The Chinese government has already invested billions into its high-speed railway network and is expected to continue investing heavily over the next decade, with the network expected to rapidly expand from over 8,500 km at the end of 2010 to 13,000 km by 2012 and 16,000 km by 2020. The Wenzhou accident comes only after a few short weeks since the official launch of the Beijing-Shanghai high-speed line, and raises significant concerns on the safety of the country's hastily-built high-speed railway. It also raises acute awareness that the country is still laggard on many terms, despite it being on the economic fast track. Economic growth is important, but policy makers need to ensure it does not trump over public safety and other important things.

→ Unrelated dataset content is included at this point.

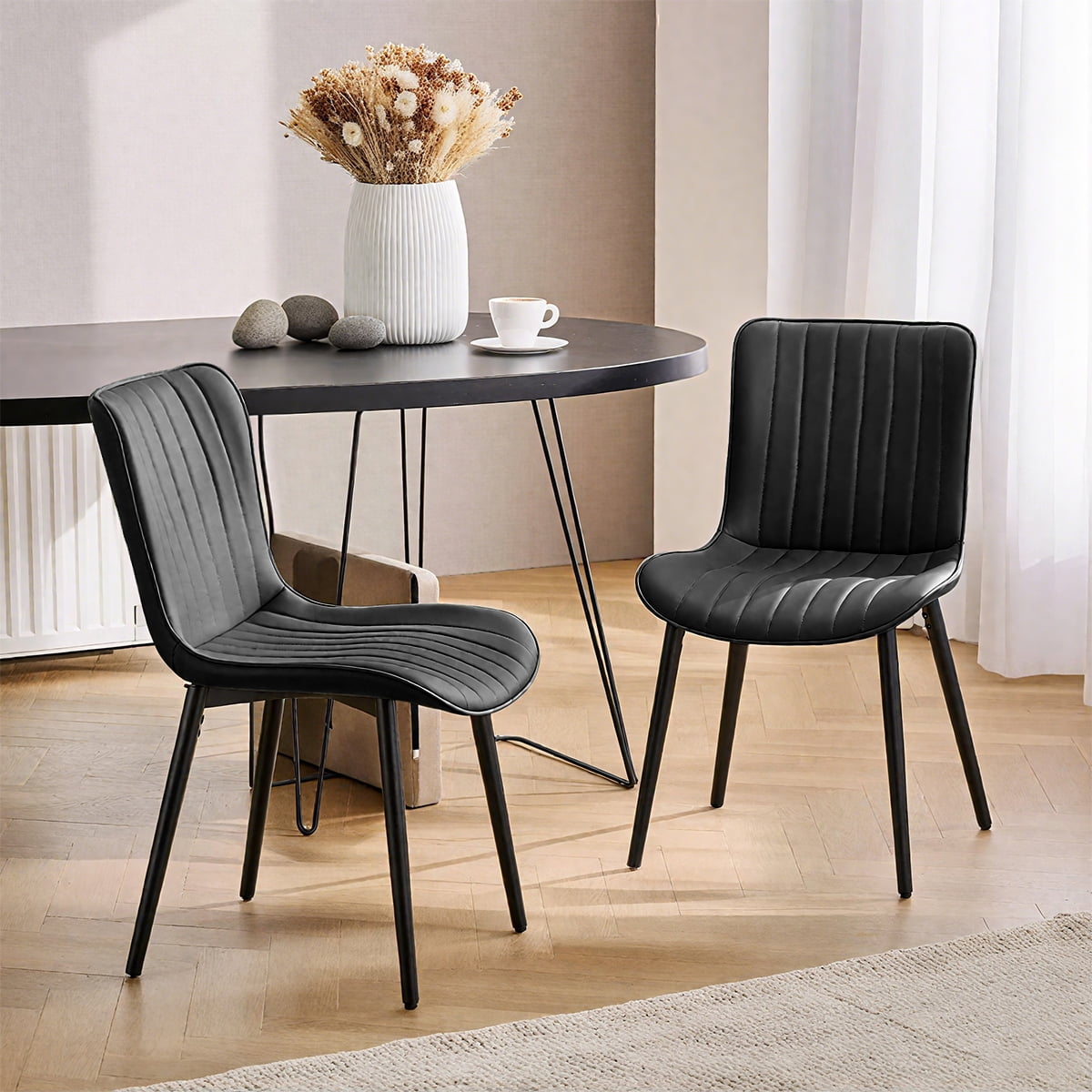 L'AGRATY Modern Dining Chairs Set of 2, High Back PU Leather Upholstered Kitchen Chairs with Cushion - Heavy Duty Metal Legs for Dining Room, Restaurant, Cafe (Black)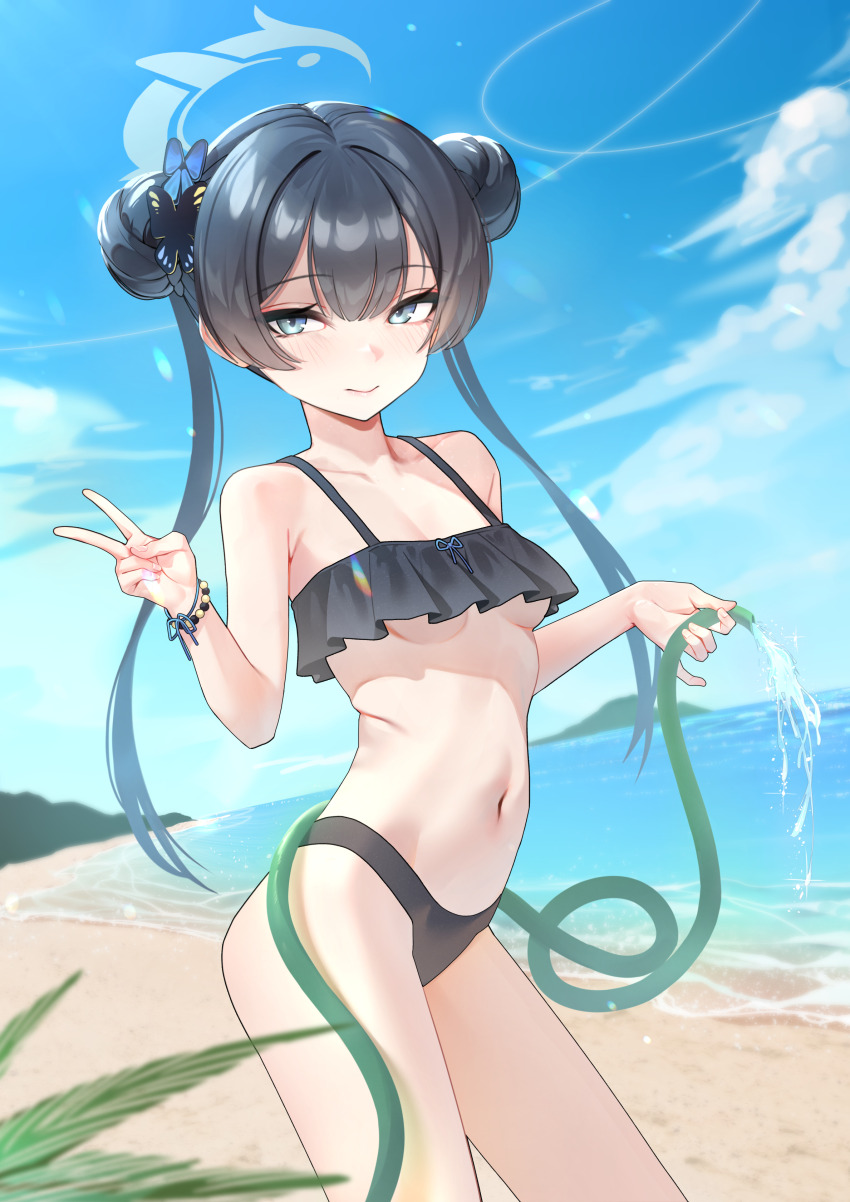 1girl absurdres alternate_costume bare_arms bare_shoulders beach bikini black_bikini black_hair blue_archive blue_eyes blue_sky blush breasts cloud coke0502 cowboy_shot day double_bun frilled_bikini frills groin hair_between_eyes hair_bun hair_ornament halterneck highres holding holding_hose horizon hose kisaki_(blue_archive) long_hair looking_at_viewer navel ocean outdoors ribbon sidelocks sky small_breasts smile solo standing stomach swimsuit twintails v very_long_hair water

A popular comment has been circulating the Internet, summarizing the sentiments of many citizens: "When a country is corrupt to the point that a single lightening strike can cause a train crash, the passing of a truck can collapse a bridge, and drinking a few bags of milk powder can cause kidney stones, none of us are exempted. China today is a train traveling through a lightening storm. None of us are spectators; all of us are passengers."

Stock Impact

In terms of the impact to China railway-related stocks, such as CSR Corp. (the state-owned enterprise that produced the trains involved in the crash), some analysts have commented that investor sentiment will remain weak for these stocks in the short-term but they see virtually no impact in the long-term. I think the impact is not just simply temporary weak investor sentiment; there is a definite risk for new policies and regulations to be enacted and more stringent requirements for quality controls, which would lower margins and negatively impact the bottom-line. The Wenzhou incident will also hurt Chinese plans of selling high-speed trains to foreign markets and they may never fully regain the confidence they have lost as a result of this incident.